In addition to these discussions, APSSC also gives students the opportunity to interact with key players in the field of psychological science. For students interested in publishing their research, the Editors’ Panel brings together individuals from the editorial boards of leading journals in psychological science to discuss strategies for writing successful articles for peer review. Additionally, the annual “Champions of Psychological Science” meeting gives students the opportunity to have informal conversations with leaders in the field who share their thoughts on topics that are important to students, such as career development and work–life balance.

Pulling It All Together

An APSSC Executive Board member is responsible for every flyer distributed, social event organized, and panel created. The APSSC Executive Board is composed of nine members elected by the larger APS student membership. APSSC Executive Board members serve 1-year terms, during which time they work tirelessly to provide the best possible benefits to students. As the 2017–2018 president, I have been humbled by the hard work and dedication that all of the APSSC board members have put forth this year. However, because there are so many student members and so few board members, it is often difficult for students to learn about all of the benefits they receive from being a part of APSSC.

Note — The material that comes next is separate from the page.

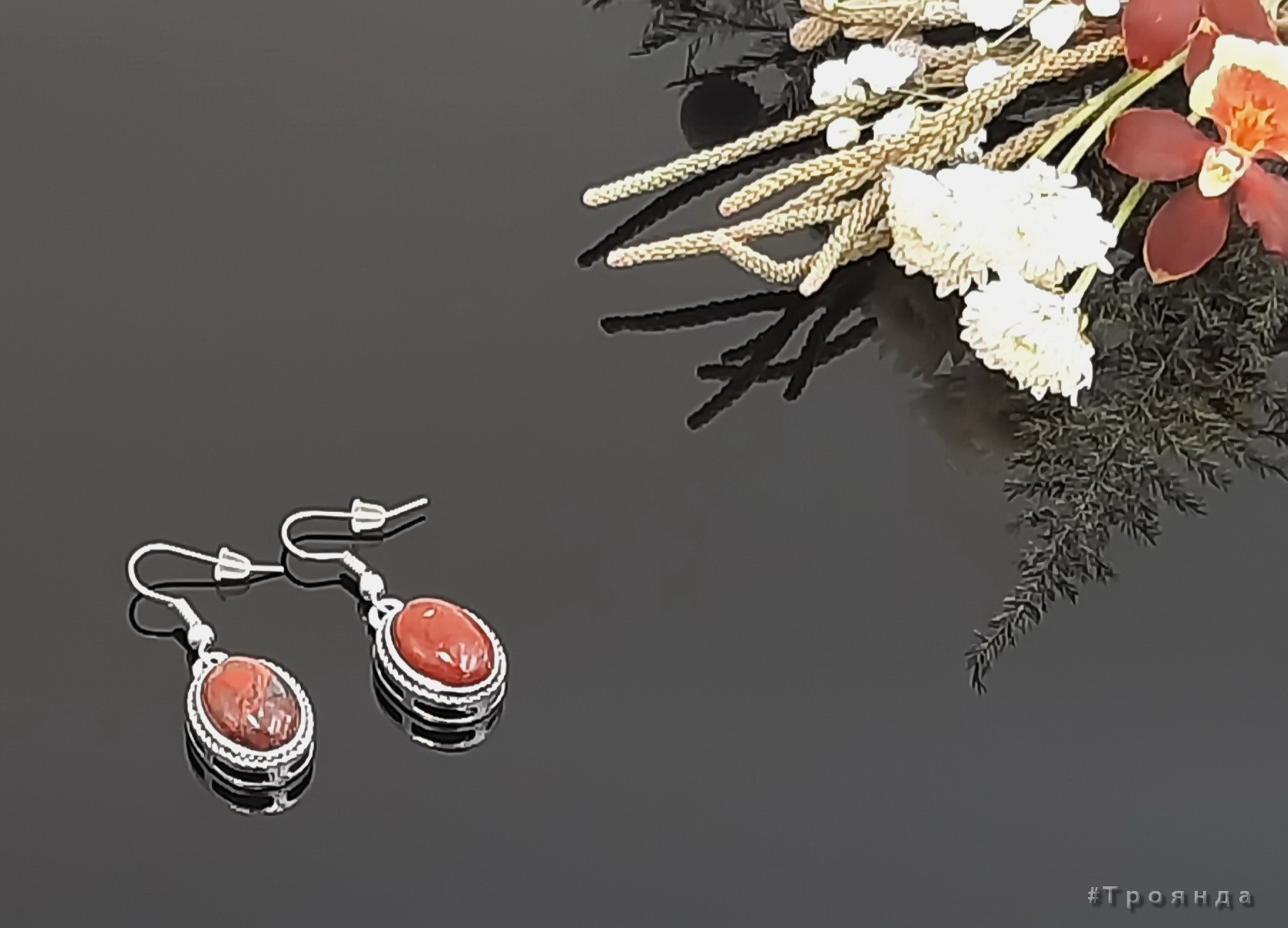 

Серьги из натурального камня Яшма длина 4 см цвет коричневый (05010036-01)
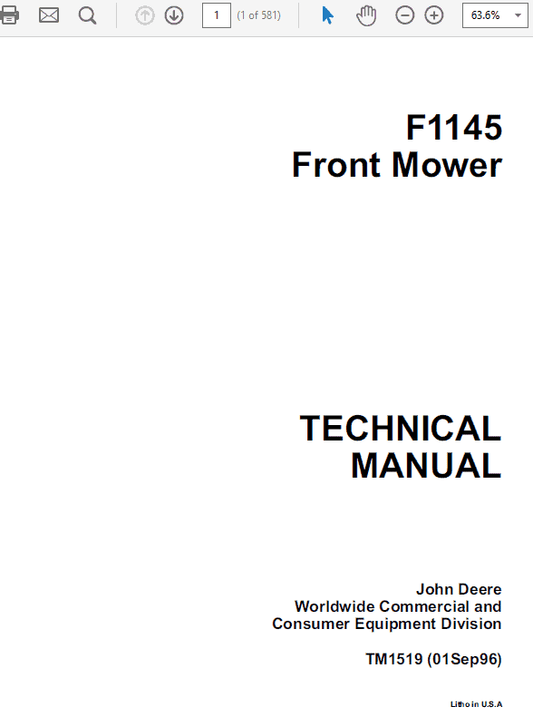John Deere F1145 Front Mower Repair Technical Manual (TM1519) Workshop Guide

Have you ever wanted to learn more about what goes into the peer-review process to improve your own scientific writing? Student members can play a key role by serving as reviewers for all APSSC award and grant competitions. Interested in becoming a leader at your school and promoting APSSC to other students? You can become a Campus Representative for your university. Would you like the opportunity to mentor an undergraduate who is thinking about graduate school or be mentored by a graduate student if you are an undergrad yourself? Student members can become a part of our mentorship program. (For a full list of APS student member benefits, click here.)

Although there are many ways to get involved with APSSC as a student member, there are likely even more things that APSSC could do to serve students. If you are a student member who is passionate about a certain topic, or if you look at the programming that APSSC provides now and would like to make it even better, I encourage you to run for a position on the APSSC Executive Board in January. Challenge the status quo. Make things better. That is what the group of individuals who founded APS aimed to do, and that is still what we strive for 30 years later. Until then, if you have a question, concern, or suggestion for how APSSC can make things better right now, email me at apssc.president@psychologicalscience.org.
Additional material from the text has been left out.